*Try it*:
From the first line of the data below through the line bearing "Raj Box office", reproduce each line exactly; do not include pictures.

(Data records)

........

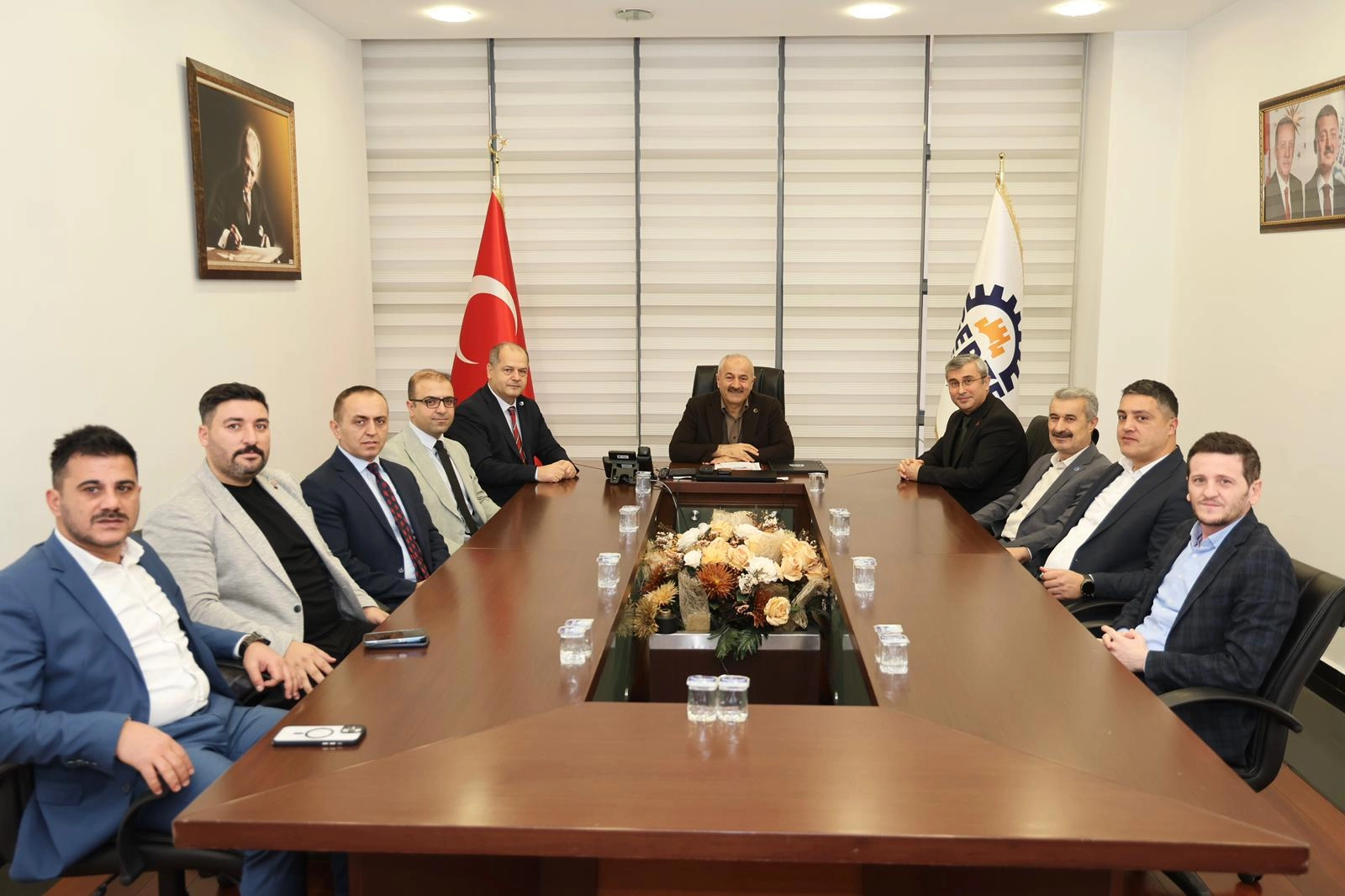 Kocaeli Gebze Belediyesi ile Bem Bir Sen Kocaeli Şubesi arasında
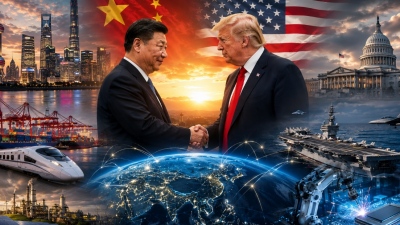 Παγκόσμιος δέος  με τελεσίγραφο Xi Jinping σε Trump: Μην παίζετε με τη φωτιά – Αιφνιδιασμός ΗΠΑ με σχέδιο Κίνας για Ταϊβάν, Ιράν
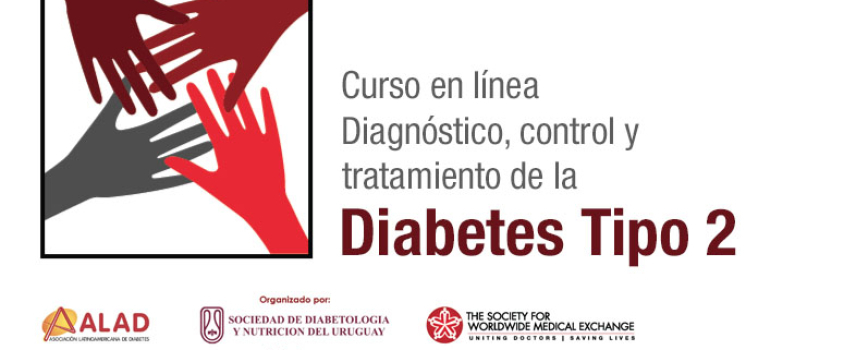 Curso online Diagnóstico, Control y Tratamiento de la Diabetes Mellitus tipo 2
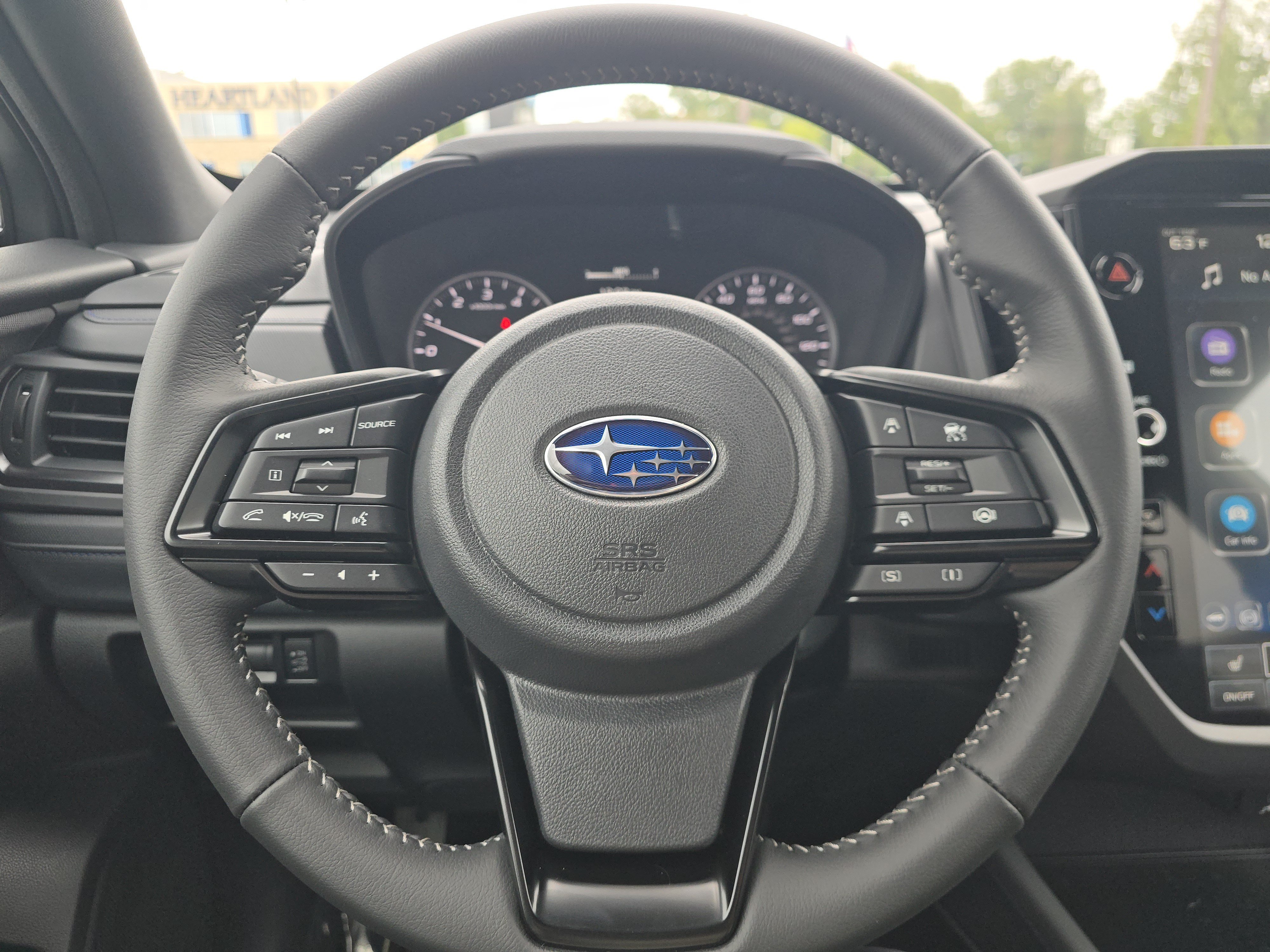 New 2026 Subaru Forester Premium AWD/4WD image 21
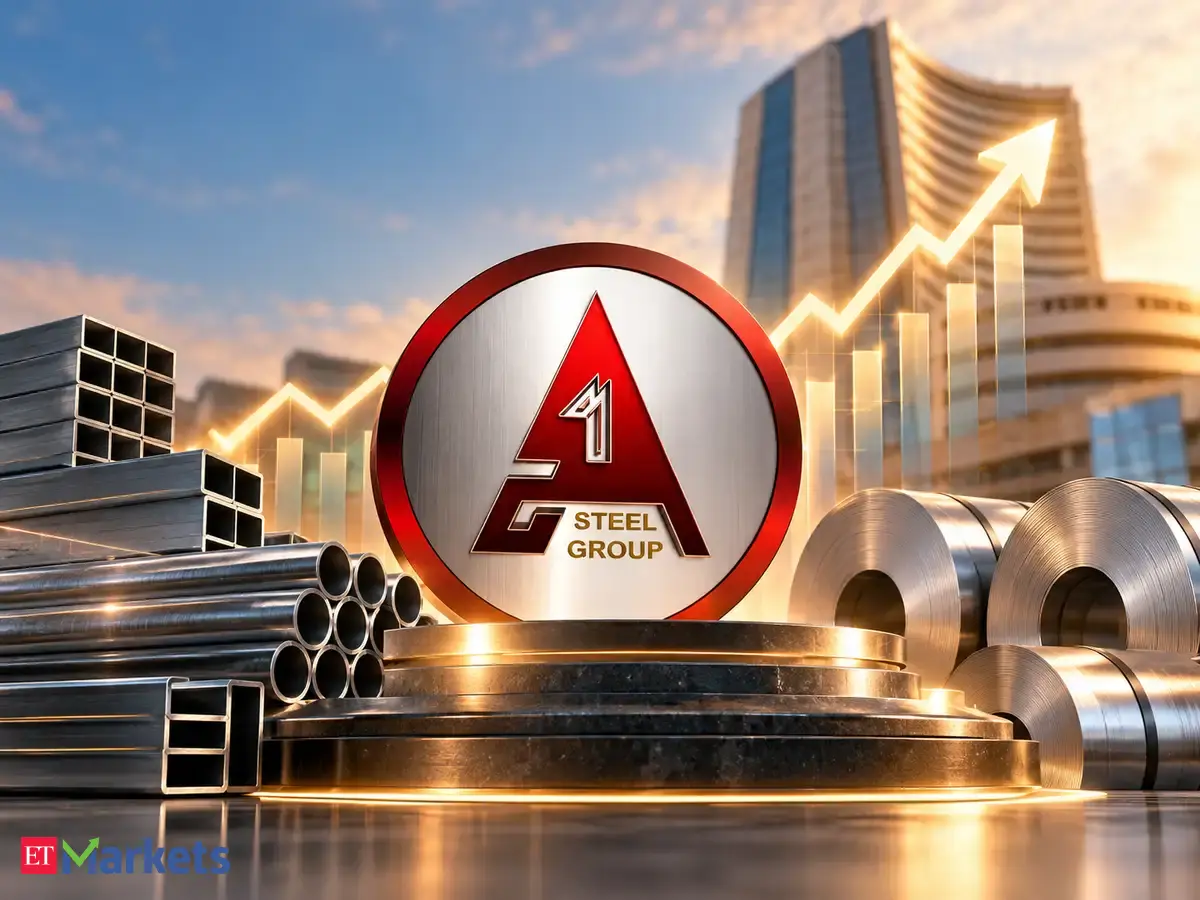 A-One Steels shares to list today; GMP signals strong debut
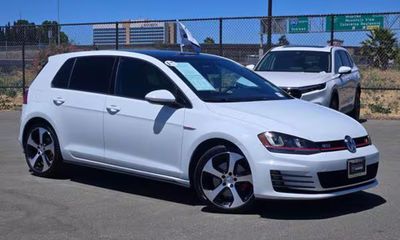 2015 Volkswagen GTI Autobahn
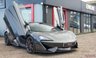 USED 2019 19 MCLAREN 570GT 3.8T V8 Coupe 2dr Petrol SSG Euro 6 (s/s) (570 ps) GLASS ROOF+REVERSE CAMERA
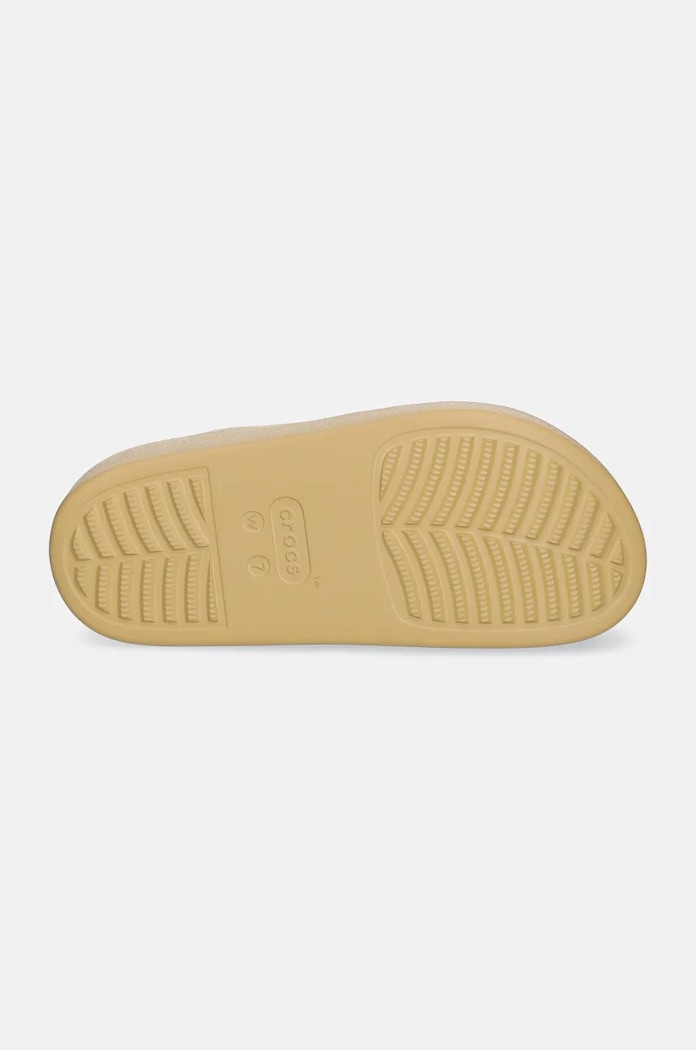 Šľapky Crocs Dylan Platform Clog 209869.209 béžová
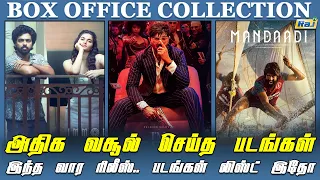 Raj Box office | Latest Tamil Movie Worldwide Box Office Collection | 06 Sep 2026 | Raj Television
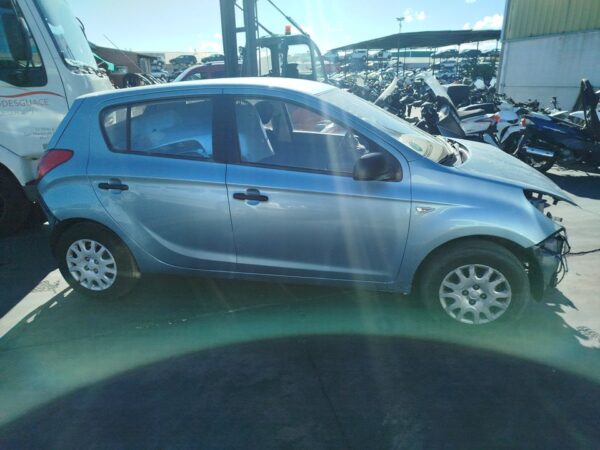 COMPRESOR AIRE ACONDICIONADO HYUNDAI I20 (PB) - Imagen 5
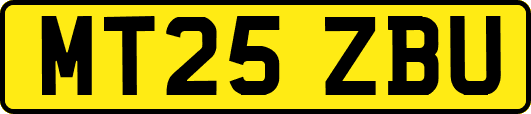 MT25ZBU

........

*Task result*:
 Kocaeli Gebze Belediyesi ile Bem Bir Sen Kocaeli Şubesi arasında
 Παγκόσμιος δέος  με τελεσίγραφο Xi Jinping σε Trump: Μην παίζετε με τη φωτιά – Αιφνιδιασμός ΗΠΑ με σχέδιο Κίνας για Ταϊβάν, Ιράν
 Curso online Diagnóstico, Control y Tratamiento de la Diabetes Mellitus tipo 2
 New 2026 Subaru Forester Premium AWD/4WD image 21
 A-One Steels shares to list today; GMP signals strong debut
 2015 Volkswagen GTI Autobahn
 USED 2019 19 MCLAREN 570GT 3.8T V8 Coupe 2dr Petrol SSG Euro 6 (s/s) (570 ps) GLASS ROOF+REVERSE CAMERA
 Šľapky Crocs Dylan Platform Clog 209869.209 béžová
 Raj Box office | Latest Tamil Movie Worldwide Box Office Collection | 06 Sep 2026 | Raj Television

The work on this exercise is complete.